The attack on the Stapleton family, however, was certainly a direct reprisal for the Athlone executions. On 2 April 1923, three armed men, members of the anti-Treaty IRA, held up Francis Stapleton as he made his way from Ballykeeran to Athlone. We have only Stapleton’s account of what happened that night, via a report that appeared in the Westmeath Independent on 7 April 1923 and newspaper coverage of a case in Athlone Circuit Court during February 1926. However, we can trace the outline of what occurred.

 

The ‘Blessed Candle’

Stapleton was cycling to Custume Barracks from Ballykeeran at 8pm on 2 April, when, at ‘a  place called Leggett's Crossing’, he was approached by three men, one of whom carried a revolver. They ordered Stapleton to stop and to dismount from his bicycle. Having complied, they ‘asked if he was Sergeant Stapleton, and he replied that he was’. They then ‘asked if he had been present at the recent executions in Athlone’, a question to which Stapleton responded in the negative, saying that ‘he could not have been at the execution in view of a post he held at the barracks’.

This exchange suggests that the armed men were acting on some local knowledge or rumour and that they had targeted Stapleton. Records in the Military Archives show that Stapleton was stationed in Custume Barracks at the time, although it is unclear if he played any role in the executions. Stapleton’s captors were unhappy with his response, one of them shouting ‘Don't try to bluff us.’ He was then ordered to march towards Ballykeeran, one of the men going in front and the other two remaining behind.

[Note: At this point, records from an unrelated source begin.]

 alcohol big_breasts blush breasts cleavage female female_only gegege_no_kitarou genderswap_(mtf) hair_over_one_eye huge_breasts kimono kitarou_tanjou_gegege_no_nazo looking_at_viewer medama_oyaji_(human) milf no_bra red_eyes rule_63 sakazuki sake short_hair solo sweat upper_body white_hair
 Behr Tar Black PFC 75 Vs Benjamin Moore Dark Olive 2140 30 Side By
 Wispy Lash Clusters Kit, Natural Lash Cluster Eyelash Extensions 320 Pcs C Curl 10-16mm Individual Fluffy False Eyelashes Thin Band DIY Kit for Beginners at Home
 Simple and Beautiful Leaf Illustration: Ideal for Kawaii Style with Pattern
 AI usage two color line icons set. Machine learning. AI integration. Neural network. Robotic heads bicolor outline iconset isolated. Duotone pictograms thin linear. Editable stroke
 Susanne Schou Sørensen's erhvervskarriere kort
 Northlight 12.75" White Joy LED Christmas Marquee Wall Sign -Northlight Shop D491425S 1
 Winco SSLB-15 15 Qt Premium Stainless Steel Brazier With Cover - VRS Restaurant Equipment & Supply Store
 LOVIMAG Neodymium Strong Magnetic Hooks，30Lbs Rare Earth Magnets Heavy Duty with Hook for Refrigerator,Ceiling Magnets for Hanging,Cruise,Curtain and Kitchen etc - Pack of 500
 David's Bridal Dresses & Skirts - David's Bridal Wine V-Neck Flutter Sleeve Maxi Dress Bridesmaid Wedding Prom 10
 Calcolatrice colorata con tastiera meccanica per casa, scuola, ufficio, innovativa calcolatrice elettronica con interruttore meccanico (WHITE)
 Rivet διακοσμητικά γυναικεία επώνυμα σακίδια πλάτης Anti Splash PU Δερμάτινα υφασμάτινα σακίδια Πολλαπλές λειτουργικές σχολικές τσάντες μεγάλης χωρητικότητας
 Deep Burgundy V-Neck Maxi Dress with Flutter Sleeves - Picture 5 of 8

They told Stapleton that he was being taken to the mill in Ballykeeran. Before arriving at the mill, the group passed Stapleton’s house. As they did so, one of the kidnappers asked him: ‘Is that where you live?’ and Stapleton replied that it was. He was then taken to the mill, and left in the yard in charge of one man, the others saying they would return later. Nothing transpired until midnight, when the other men returned. The kidnappers then marched Stapleton from the mill yard towards his home.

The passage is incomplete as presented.